Even if either of the waitpersons who had been there last week, were there today, I would have had more confidence.  But the kid, who had brushed past me once, and was hustling just to get beverages, looked like he had his hands full.  I waited, at least ten min-seven min-five minutes, before I decided to beat a dignified retreat, backing the two steps out through the heavy door, without so much as falling on my backside.  Nell was there to greet me, and we were off.  The great housing survey must go on.
So that’s three pubs, and then, of course, our very own Carmody’s.  How many of you get to sift through the local pubs in your area, and then pronounce one of them yours?  Besides the pubs, there is Max Bites, the post office, Claire’s Crafts and Keane, the little market.  There is one last business.  This is a home with the traditional Gaelic greeting on it, that adorns our own front deck, and a picture of a maestro with a violin, the music teacher.

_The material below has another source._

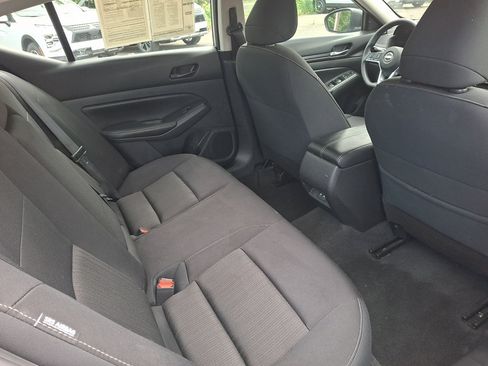Used 2024 Nissan Altima 2.5 SV FWD image 15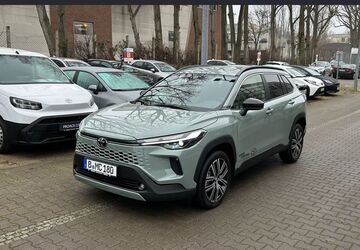 Toyota Corolla Cross 3.500 km 42.940 &euro; Berlin 13403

As far as homes, there are nine on the one side and eleven on the other, mixed in with the businesses. There are lots of walls, one or two solid, richly-painted gates, and vast, unlimited numbers of flower containers.   Assuming each business is also a home, that makes thirty-eight, in the immediate center of the village, which by any other name is still a village.  

2 comments:

  1. Mark, I would have sat and talked to you in that restaurant, had I been there.....at least the dog remembered his best friend! Sounds like you guys are having fun....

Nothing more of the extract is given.